Receipts are execution traces—they answer the question: "What did the model actually do, and did it work?"
Why it exists
Models produce text. Text can claim anything. Without receipts, you're trusting that:
- The model ran the tests it says it ran
- The files it says it read actually exist
- The changes it made are what it describes
Receipts collapse this trust problem. The claim and the evidence are bundled together. If the model says "tests passed," the receipt contains the actual test output. If it says "file contains X," the receipt shows the read operation that retrieved it.
This enables:
- Audit — Reviewers can see exactly what happened
- Debugging — When something breaks, trace back to what ran
- Learning — Both humans and systems can learn from patterns in receipts
How it shows up
A receipt is a structured artifact produced at the end of an operation.
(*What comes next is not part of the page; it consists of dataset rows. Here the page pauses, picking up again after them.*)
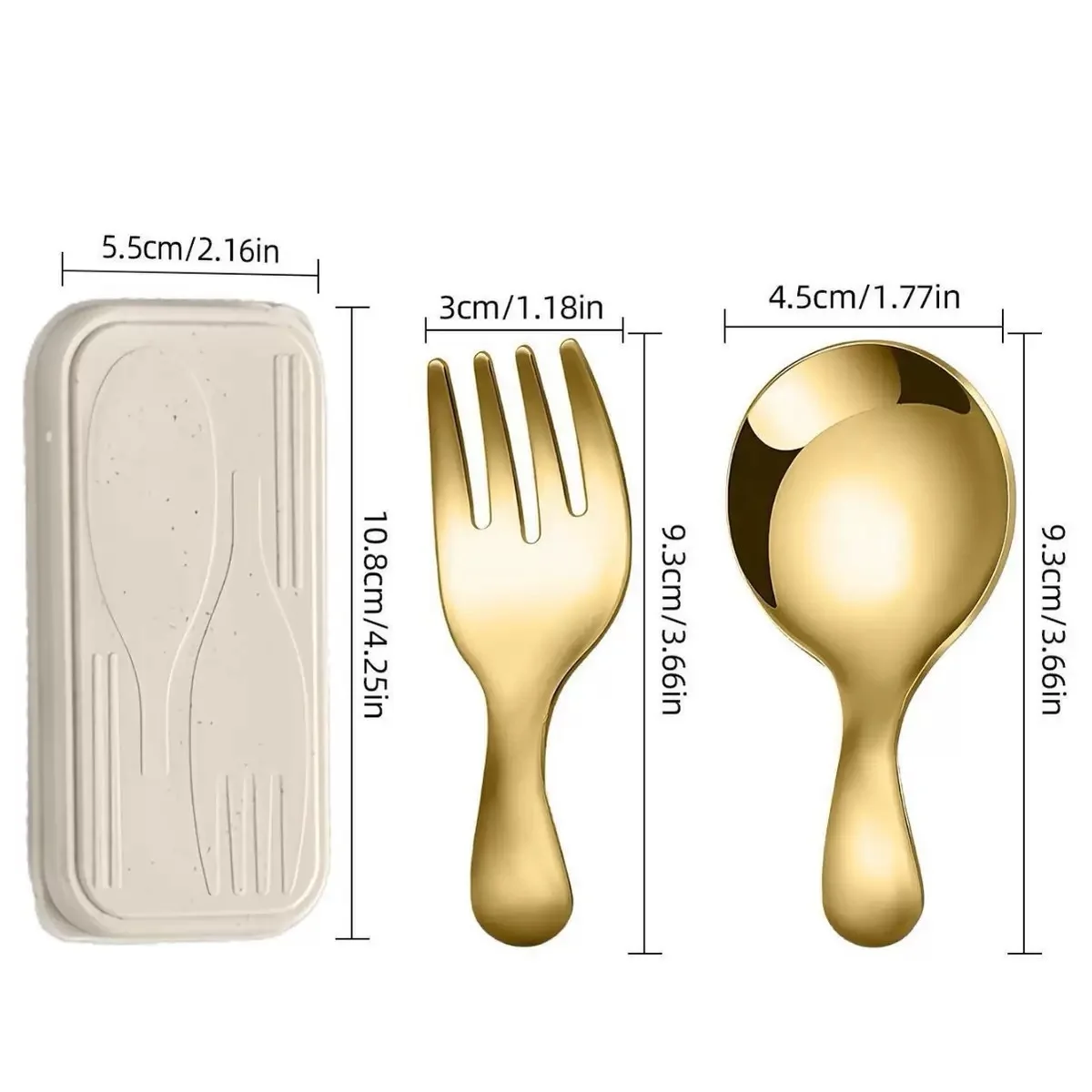 2-Pack Gold Stainless Steel Camping Fork and Spoon Set - Portable, Durable and Lightweight Tableware for Outdoor Adventures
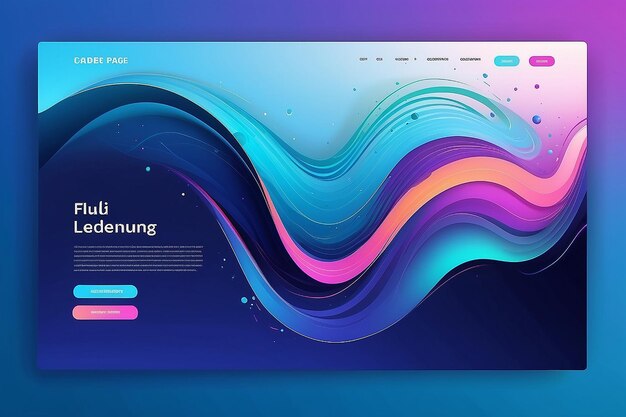 Landing page Template Fluid Abstract Design on Blue gradient background stock illustration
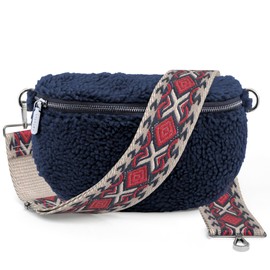 ARTVALL - Shoulder Bag Teddy Fabric Bag Handbag Plush Bag Bum Bag Teddy Fur Plush with Shoulder Strap Design Bag Strap Removable Adjustable Strap Crossbody Bag Women with Zip, Navy (Boho Red | Blue)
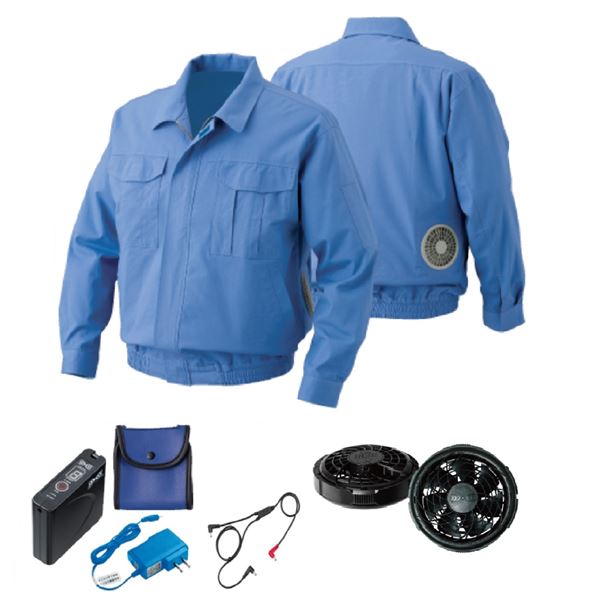 KU91730 空調服 綿 難燃性 FAN2300B/LISUPER1セット ライトブルー L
Conceptually, it looks like:
{
"timestamp": "2025-11-25T14:30:00Z",
"mode": "conservative",
"tools_invoked": [
"read_file",
"replace_string_in_file",
"run_tests"
],
"gates": {
"lint": "pass",
"typecheck": "pass",
"tests": "pass"
},
"files_touched": [
"src/cli.ts",
"src/core/gates.ts"
],
"summary": "Added error handling to CLI exit path"
}
The exact schema varies by implementation, but the principle is constant: every consequential action is recorded.
Receipts vs Frames
These are complementary, not competing:
| Concept | What it captures | When it's written |
|---|---|---|
| Frame | Episodic snapshot of intent, context, and what you were working on | During/after a session |
| Receipt | Execution trace of what ran and passed/failed | After an operation completes |
A Frame says: "I was refactoring the auth module, here's the context I had."
A Receipt says: "Here's exactly what tools ran, what gates passed, and what changed."
Both feed into the audit trail. Frames provide narrative continuity; Receipts provide verifiable execution history.
Implementation in Lex
With Lex 1.0.0, Frames are the primary contract for receipts. Every Frame includes typed fields for what happened, when, and what modules were touched. LexRunner consumes these Frames to build audit trails across merge operations.